En regard, considérant la musique baroque française, nous montrons 1 que la prédominance des règles est une des caractéristiques de la musique émancipée, dont le brillant est un attribut majeur, ainsi que l'interprétation virtuose. Mais ce type musical n'est pas que cela et, par ailleurs, la musique arcadienne n'exclut pas les airs vifs. Le recouvrement entre les deux champs n'est donc que partiel.

-D’autre part, quand on parle de vielle, il est fait appel au goût (au sens spécifique) au titre de système gestionnaire des airs lents et tendres, à partir d'un style de jeu reposant sur des variations dans la vitesse du tour de roue (dynamique et enflement du son) comme sur un travail des agréments, ainsi que nous le verrons ultérieurement.

En regard, nous notons que, dans la généralité de la musique française, le goût (au sens spécifique) a le primat dans la musique arcadienne, qui n'est pourtant pas exclusivement constituée d'airs tendres ou lents 2 .

Ce recouvrement seulement partiel, cette relative distorsion entre la musique baroque française en général et ce qui nous semble apparaître quand on observe de façon précise ce qu'écrivent les maîtres de vielle, s'explique par une série de facteurs hétérogènes tenant aux spécificités des deux corpus mis en vis-à-vis, les méthodes pour vielle d'une part (pour ce qui est de ce chapitre 12), les écrits sur la musique d'autre part (pour ce qui est des chapitres 2 et 3). Les auteurs de méthodes pour vielle poursuivent des objectifs précis qui les obligent à soumettre les textes qu'ils proposent à des impératifs divers.

-I- On peut penser que des auteurs de traités ou de manuels ne se soucient pas de prendre position dans les querelles de l'époque, Ramistes contre Lullistes, Querelle des Bouffons, Rousseau contre Rameau…Raisons pédagogiques obligent, nos auteurs chercheraient seulement l'efficacité dans un apprentissage fondamental.

-II- Ces traités ne sont pas « de musique » ou d’esthétique musicale, il s’agit de méthodes consacrées à un instrument de musique, donc comportant une part technique obligée, correspondant à l’acquisition des « règles du métier ».

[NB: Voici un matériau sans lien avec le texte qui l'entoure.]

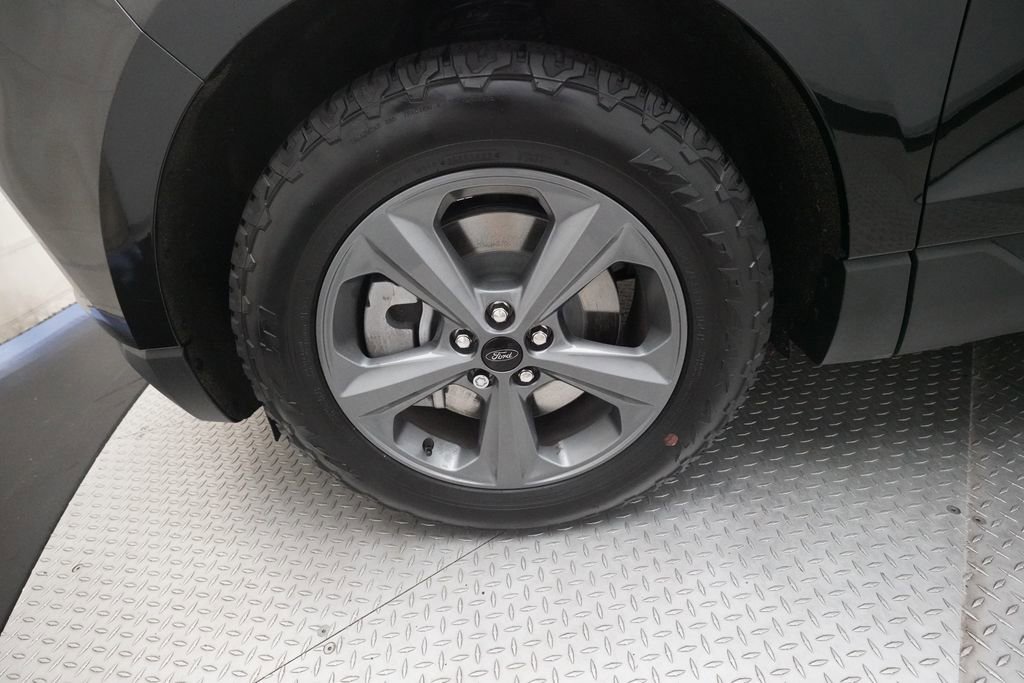 Used 2023 Ford Edge SEL w/ Sport Appearance Package image 29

-III - Et la vielle n’est pas n'importe quel instrument de musique ! Quand on présente des instruments nobles et reconnus, on s'intéresse, comme pour la voix, à la technique mise au service des choix esthétiques. Ainsi, pour le violon, voit on discuter les différences entre un jeu à l'italienne et un jeu à la française.

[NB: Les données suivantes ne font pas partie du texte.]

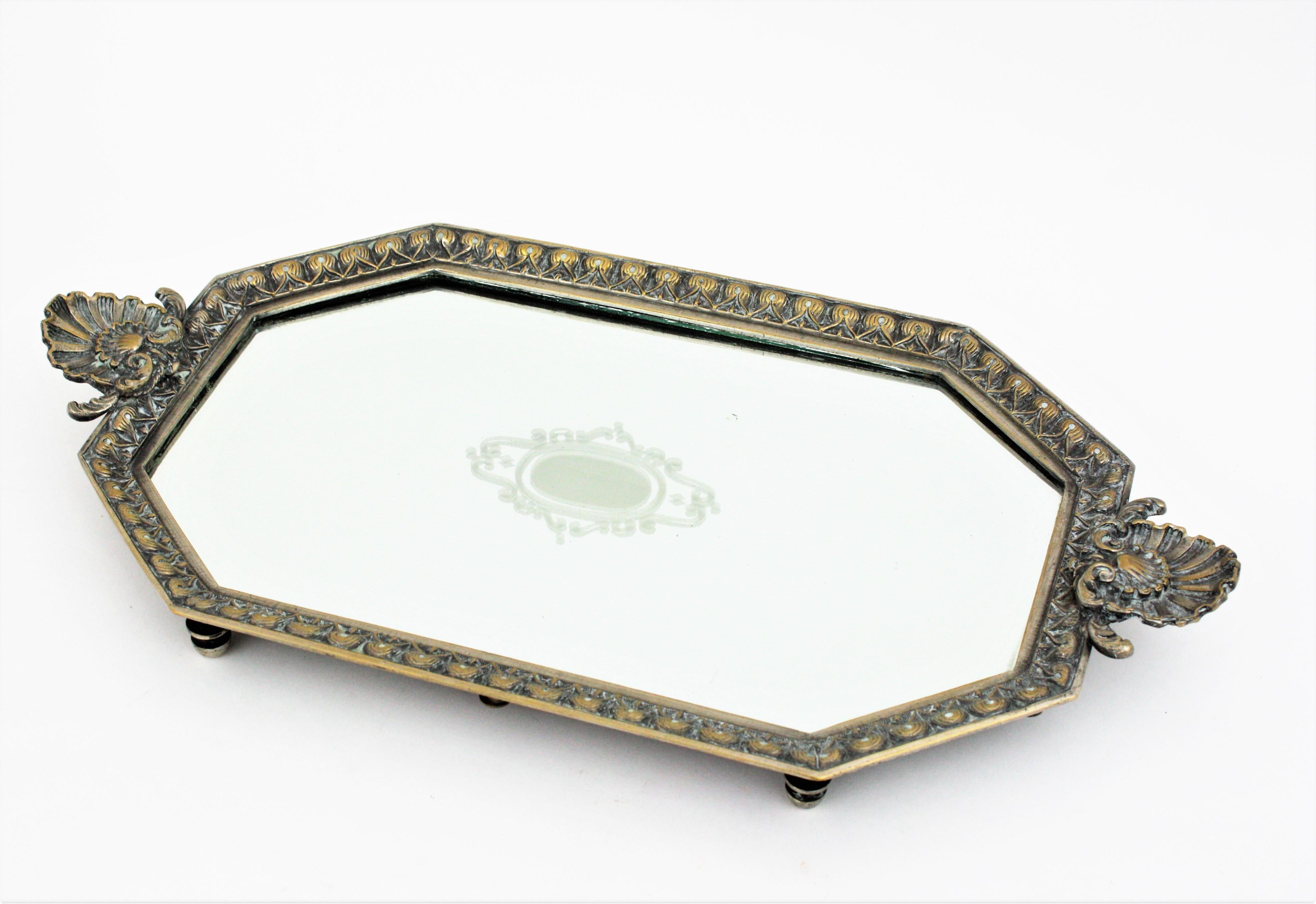 French Art Deco Tray with Shell Motif, Bronze and Etched Mirror For Sale 2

La vielle à roue n'est pas totalement disponible pour ce type de préoccupations. Il est en effet surtout question pour elle de vie ou de mort. Les échanges la concernant, que nous avons souvent cités tiennent soit de l'hagiographie, soit de l'attaque sans nuances. En vérité, les discussions passionnées portent toujours sur le même sujet : faut-il donner à la vielle à roue droit à la vie, ce qui veut dire la reconnaître comme instrument de musique convenable et estimable ? Faut-il la condamner à mort, décréter qu'elle n'est pas instrument de musique mais seulement ustensile de mendicité pour une population de gueux aveugles ?

On peut concevoir que nos auteurs de traités aient voulu avant tout faire la preuve que la vielle a droit à l'existence, qu'elle est un instrument de musique comme un autre, ouvert à tous les répertoires sans discrimination. Cette position militante suppose que l'on « ratisse large » pour montrer que la vielle est convient aux différents types de musique.

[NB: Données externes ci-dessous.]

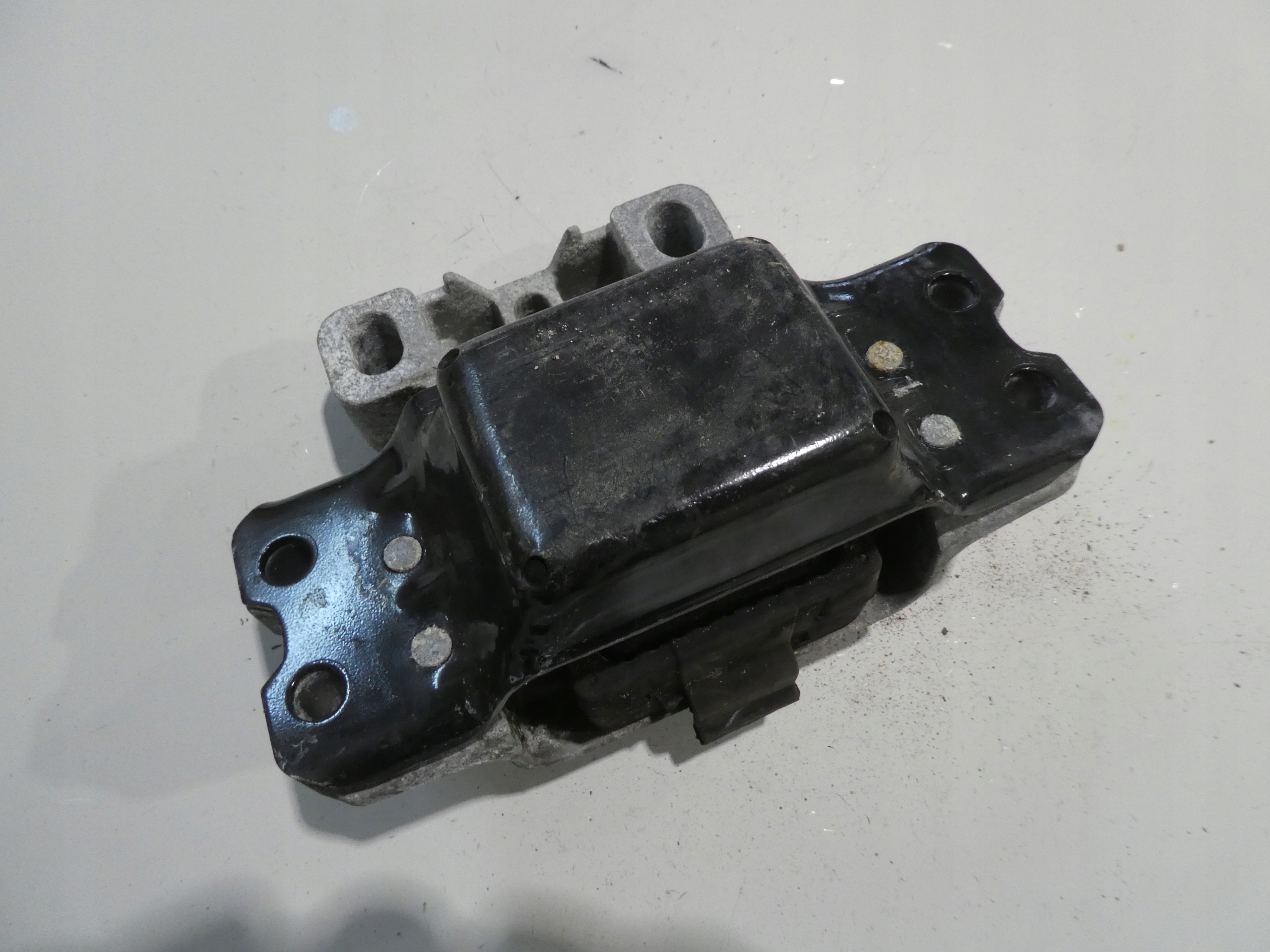 holder gearbox mounting 1K0199555AC AUDI VW SEAT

-IV- La vielle a certaines caractéristiques « anatomiques » particulières, la roue/archet mais aussi, un chevalet mobile susceptible de venir frapper la caisse de résonance 1 . D’où un idiome très spécifique, des contraintes et des limites, mais aussi des possibilités qui ne sont partagées avec aucun autre instrument et qui supposent l’application de règles strictes.

Notes
2.

Voir chapitre 2 : Musique arcadienne, Musique émancipée, et chapitre 3. : Distinguer deux musiques que le goût rassemblera ».

1.

Chapitre 2, section 2.6.3. : La musique émancipée et les règles.

2.

Chapitre 2, section 2.6.2. : Le goût et la musique arcadienne.

1.

Voir chapitre 14. : La trompette de la vielle et l’articulation du poignet.